**Records provided**
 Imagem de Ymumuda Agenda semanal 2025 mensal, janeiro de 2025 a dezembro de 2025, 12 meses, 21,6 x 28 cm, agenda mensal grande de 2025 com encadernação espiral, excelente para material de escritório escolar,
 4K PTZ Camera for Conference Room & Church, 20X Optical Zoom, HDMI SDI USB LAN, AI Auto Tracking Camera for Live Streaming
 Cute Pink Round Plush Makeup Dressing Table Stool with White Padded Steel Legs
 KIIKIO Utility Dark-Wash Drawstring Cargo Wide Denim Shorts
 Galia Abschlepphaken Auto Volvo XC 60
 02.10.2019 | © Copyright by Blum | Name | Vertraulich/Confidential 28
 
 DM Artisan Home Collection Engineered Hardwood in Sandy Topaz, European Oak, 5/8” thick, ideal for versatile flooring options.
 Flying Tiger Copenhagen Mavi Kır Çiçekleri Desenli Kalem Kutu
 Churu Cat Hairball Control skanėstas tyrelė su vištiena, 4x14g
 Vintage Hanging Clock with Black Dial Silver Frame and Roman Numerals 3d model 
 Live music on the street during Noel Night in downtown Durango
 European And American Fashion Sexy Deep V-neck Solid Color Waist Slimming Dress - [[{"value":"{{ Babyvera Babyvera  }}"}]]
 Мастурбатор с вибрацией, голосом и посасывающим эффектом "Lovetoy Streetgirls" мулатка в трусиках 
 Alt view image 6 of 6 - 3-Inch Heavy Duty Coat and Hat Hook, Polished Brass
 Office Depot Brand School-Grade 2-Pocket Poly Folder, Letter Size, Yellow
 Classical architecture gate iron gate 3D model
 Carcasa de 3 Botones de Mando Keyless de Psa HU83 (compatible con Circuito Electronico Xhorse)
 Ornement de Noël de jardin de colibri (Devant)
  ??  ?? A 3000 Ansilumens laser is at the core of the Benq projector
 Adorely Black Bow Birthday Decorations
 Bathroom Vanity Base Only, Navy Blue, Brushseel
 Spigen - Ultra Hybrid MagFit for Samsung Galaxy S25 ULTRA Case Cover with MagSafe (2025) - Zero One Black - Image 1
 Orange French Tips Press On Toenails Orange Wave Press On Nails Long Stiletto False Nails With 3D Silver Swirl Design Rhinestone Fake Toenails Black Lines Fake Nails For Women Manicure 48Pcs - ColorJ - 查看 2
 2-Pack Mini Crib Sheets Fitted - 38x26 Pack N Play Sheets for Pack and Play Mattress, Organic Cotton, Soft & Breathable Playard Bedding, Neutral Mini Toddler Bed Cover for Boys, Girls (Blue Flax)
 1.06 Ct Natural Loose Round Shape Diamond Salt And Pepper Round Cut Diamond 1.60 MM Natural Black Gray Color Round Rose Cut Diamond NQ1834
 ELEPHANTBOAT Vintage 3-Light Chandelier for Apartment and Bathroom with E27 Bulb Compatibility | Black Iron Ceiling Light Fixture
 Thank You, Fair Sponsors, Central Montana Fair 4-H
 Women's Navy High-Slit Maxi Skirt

**Task details**
All the material above is to be returned exactly as it stands.

**Answer area**
 Imagem de Ymumuda Agenda semanal 2025 mensal, janeiro de 2025 a dezembro de 2025, 12 meses, 21,6 x 28 cm, agenda mensal grande de 2025 com encadernação espiral, excelente para material de escritório escolar,
 4K PTZ Camera for Conference Room & Church, 20X Optical Zoom, HDMI SDI USB LAN, AI Auto Tracking Camera for Live Streaming
 Cute Pink Round Plush Makeup Dressing Table Stool with White Padded Steel Legs
 KIIKIO Utility Dark-Wash Drawstring Cargo Wide Denim Shorts
 Galia Abschlepphaken Auto Volvo XC 60
 02.10.2019 | © Copyright by Blum | Name | Vertraulich/Confidential 28
 
 DM Artisan Home Collection Engineered Hardwood in Sandy Topaz, European Oak, 5/8” thick, ideal for versatile flooring options.
 Flying Tiger Copenhagen Mavi Kır Çiçekleri Desenli Kalem Kutu
 Churu Cat Hairball Control skanėstas tyrelė su vištiena, 4x14g
 Vintage Hanging Clock with Black Dial Silver Frame and Roman Numerals 3d model 
 Live music on the street during Noel Night in downtown Durango
 European And American Fashion Sexy Deep V-neck Solid Color Waist Slimming Dress - [[{"value":"{{ Babyvera Babyvera  }}"}]]
 Мастурбатор с вибрацией, голосом и посасывающим эффектом "Lovetoy Streetgirls" мулатка в трусиках 
 Alt view image 6 of 6 - 3-Inch Heavy Duty Coat and Hat Hook, Polished Brass
 Office Depot Brand School-Grade 2-Pocket Poly Folder, Letter Size, Yellow
 Classical architecture gate iron gate 3D model
 Carcasa de 3 Botones de Mando Keyless de Psa HU83 (compatible con Circuito Electronico Xhorse)
 Ornement de Noël de jardin de colibri (Devant)
  ??  ?? A 3000 Ansilumens laser is at the core of the Benq projector
 Adorely Black Bow Birthday Decorations
 Bathroom Vanity Base Only, Navy Blue, Brushseel
 Spigen - Ultra Hybrid MagFit for Samsung Galaxy S25 ULTRA Case Cover with MagSafe (2025) - Zero One Black - Image 1
 Orange French Tips Press On Toenails Orange Wave Press On Nails Long Stiletto False Nails With 3D Silver Swirl Design Rhinestone Fake Toenails Black Lines Fake Nails For Women Manicure 48Pcs - ColorJ - 查看 2
 2-Pack Mini Crib Sheets Fitted - 38x26 Pack N Play Sheets for Pack and Play Mattress, Organic Cotton, Soft & Breathable Playard Bedding, Neutral Mini Toddler Bed Cover for Boys, Girls (Blue Flax)
 1.06 Ct Natural Loose Round Shape Diamond Salt And Pepper Round Cut Diamond 1.60 MM Natural Black Gray Color Round Rose Cut Diamond NQ1834
 ELEPHANTBOAT Vintage 3-Light Chandelier for Apartment and Bathroom with E27 Bulb Compatibility | Black Iron Ceiling Light Fixture
 Thank You, Fair Sponsors, Central Montana Fair 4-H
 Women's Navy High-Slit Maxi Skirt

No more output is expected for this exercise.